Bone remodeling is regulated in vivo by a complex interplay between autocrine/paracrine and hormonal signals. Our studies, based on the use of mouse genetic models, demonstrated that this process is also regulated by the central nervous system, and that, as this finding implies, bone remodeling is an homeostatic process fully integrated to the regulation of the internal milieu via neurons, neuropeptides and hormones involved in the regulation of body weight, energy expenditure, reproduction or immunity. Our studies also identified the sympathetic nervous system as a critical regulator of bone remodeling. Our research currently focuses on the clinical implications of these findings from preclinical mouse models, with a special interest on osteoporosis and bone cancer metastasis.

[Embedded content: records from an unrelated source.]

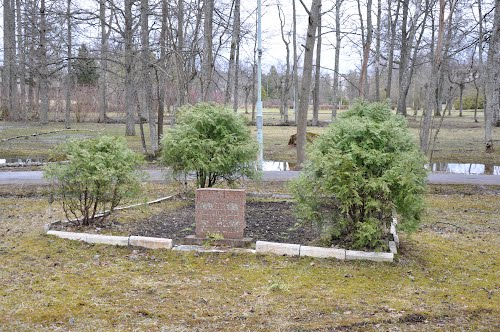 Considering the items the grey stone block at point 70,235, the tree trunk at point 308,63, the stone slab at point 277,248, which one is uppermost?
the tree trunk at point 308,63

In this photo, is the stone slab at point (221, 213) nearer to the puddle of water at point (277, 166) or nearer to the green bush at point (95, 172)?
the green bush at point (95, 172)

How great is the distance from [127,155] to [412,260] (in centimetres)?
449

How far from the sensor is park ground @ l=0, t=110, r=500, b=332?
4.73 m

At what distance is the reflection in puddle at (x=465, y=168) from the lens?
17.1 metres

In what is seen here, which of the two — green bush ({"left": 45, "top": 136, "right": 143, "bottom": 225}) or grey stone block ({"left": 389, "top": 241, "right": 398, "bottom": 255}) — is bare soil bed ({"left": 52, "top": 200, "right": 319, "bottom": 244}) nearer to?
green bush ({"left": 45, "top": 136, "right": 143, "bottom": 225})

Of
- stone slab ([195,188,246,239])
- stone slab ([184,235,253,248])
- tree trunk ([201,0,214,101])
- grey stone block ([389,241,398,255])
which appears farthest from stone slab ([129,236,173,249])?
tree trunk ([201,0,214,101])

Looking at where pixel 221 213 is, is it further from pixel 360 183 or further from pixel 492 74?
pixel 492 74

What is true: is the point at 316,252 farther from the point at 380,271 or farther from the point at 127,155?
the point at 127,155

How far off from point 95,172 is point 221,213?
6.58 feet

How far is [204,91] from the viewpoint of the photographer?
53.2ft

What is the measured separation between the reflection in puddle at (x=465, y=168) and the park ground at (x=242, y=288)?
9.36m

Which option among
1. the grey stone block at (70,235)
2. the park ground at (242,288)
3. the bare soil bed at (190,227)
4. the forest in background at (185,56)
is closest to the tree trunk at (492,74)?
the forest in background at (185,56)

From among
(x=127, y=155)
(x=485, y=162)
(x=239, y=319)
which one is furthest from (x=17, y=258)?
(x=485, y=162)

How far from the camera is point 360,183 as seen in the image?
6602mm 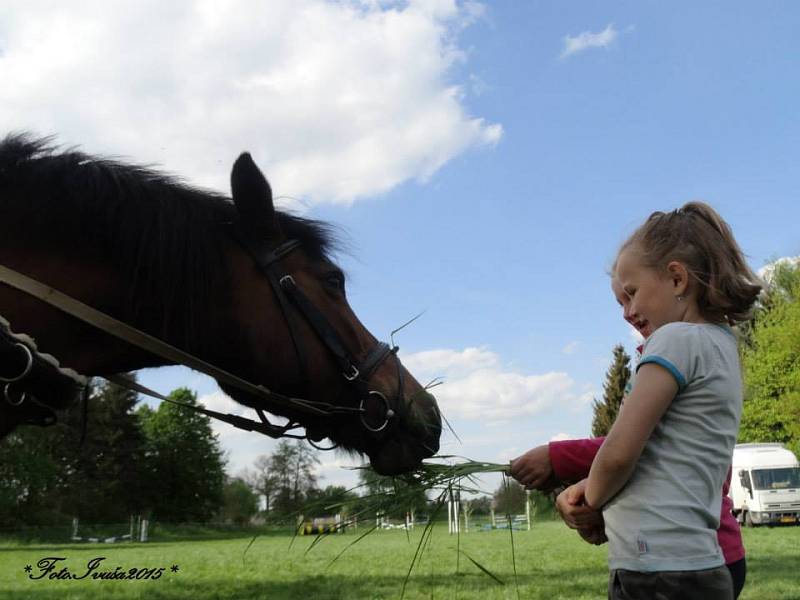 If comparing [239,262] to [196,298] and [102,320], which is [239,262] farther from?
[102,320]

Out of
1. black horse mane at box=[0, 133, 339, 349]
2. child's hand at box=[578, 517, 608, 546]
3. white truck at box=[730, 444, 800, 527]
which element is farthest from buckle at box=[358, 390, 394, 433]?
white truck at box=[730, 444, 800, 527]

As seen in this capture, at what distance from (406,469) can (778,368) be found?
119 ft

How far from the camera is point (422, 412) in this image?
272cm

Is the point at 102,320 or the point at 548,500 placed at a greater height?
the point at 102,320

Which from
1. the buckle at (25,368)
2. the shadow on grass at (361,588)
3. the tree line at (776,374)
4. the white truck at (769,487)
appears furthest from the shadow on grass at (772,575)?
the tree line at (776,374)

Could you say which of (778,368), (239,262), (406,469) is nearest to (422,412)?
(406,469)

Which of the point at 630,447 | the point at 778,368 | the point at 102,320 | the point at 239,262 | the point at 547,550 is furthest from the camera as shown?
the point at 778,368

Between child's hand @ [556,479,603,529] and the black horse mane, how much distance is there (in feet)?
4.38

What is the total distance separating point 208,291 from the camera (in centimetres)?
244

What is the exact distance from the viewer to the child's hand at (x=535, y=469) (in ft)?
6.37

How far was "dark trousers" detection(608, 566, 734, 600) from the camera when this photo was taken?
153cm

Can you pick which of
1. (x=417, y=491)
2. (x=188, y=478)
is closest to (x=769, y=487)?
(x=417, y=491)

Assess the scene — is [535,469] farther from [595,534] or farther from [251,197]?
[251,197]

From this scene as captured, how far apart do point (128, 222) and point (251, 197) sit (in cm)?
44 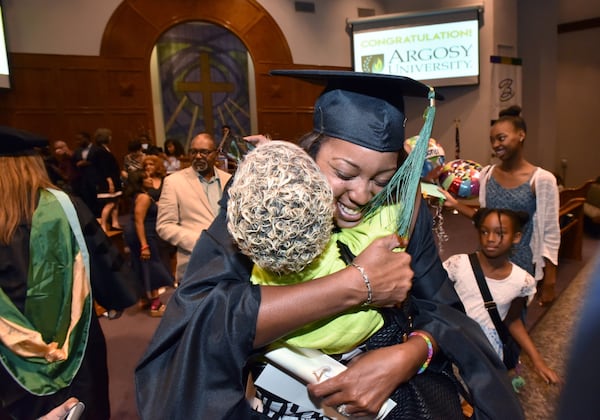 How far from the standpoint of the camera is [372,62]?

The second main interest of our laboratory is to determine the role of Nf1 in bone cells and type I neurofibromatosis (NF1). Neurofibromatosis, caused by mutations in the Nf1 gene, is characterized by several skeletal complications including macrocephaly, scoliosis, bowing of the tibia and pseudo-arthrosis, but the origin of these skeletal dysplastic defects is unknown. By the use of mutant mouse models lacking Nf1 in osteoblasts, chondrocytes or mesenchymal stem cells, we are currently investigating the role of Nf1 signaling in the differentiation and function of bone cells, with the goal of identifying novel signaling pathways and transcription factors regulating bone growth, remodeling and repair, and to identify new therapeutic targets to treat bone diseases, including skeletal displasiae and fracture non-unions found in NF1 patients.